Am Dienstag, 7. Oktober 2008 04:21 schrieb Jason Dagit:
On Mon, Oct 6, 2008 at 7:06 PM, Mike Coleman
wrote: Hi,
I could use a little help. I was looking through the Real World Haskell book and came across a trivial program for summing numbers in a file. They mentioned that that implementation was very slow, as it's based on String's, so I thought I'd try my hand at converting it to use lazy ByteString's. I've made some progress, but now I'm a little stuck because that module doesn't seem to have a 'read' method.

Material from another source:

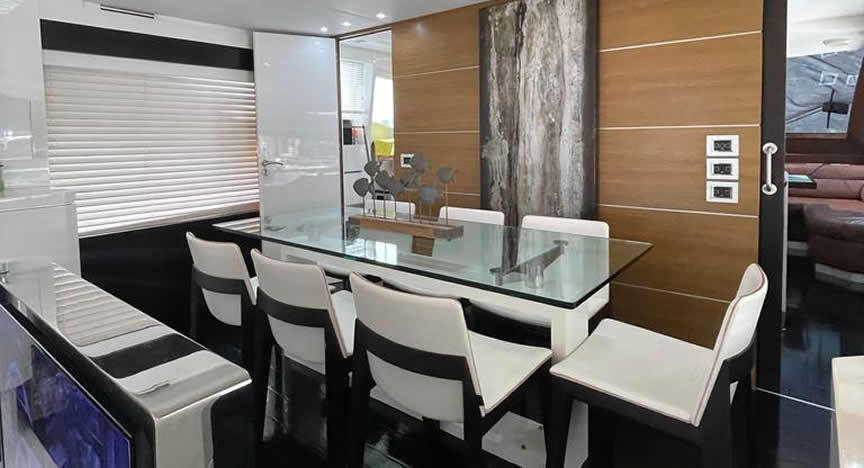80 Astondoa Jacuzzi - Miami yacht rental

There's a readInt method, which I guess I could use, but it returns a Maybe, and I don't see how I can easily strip that off.
So:
1. Is there an easy way to strip off the Maybe that would allow an equivalently concise definition for sumFile? I can probably figure out how to do it with pattern matching and a separate function--I'm just wondering if there's a more concise way.
I'm not a ByteString expert, but there should be an easy way to solve this issue of Maybe.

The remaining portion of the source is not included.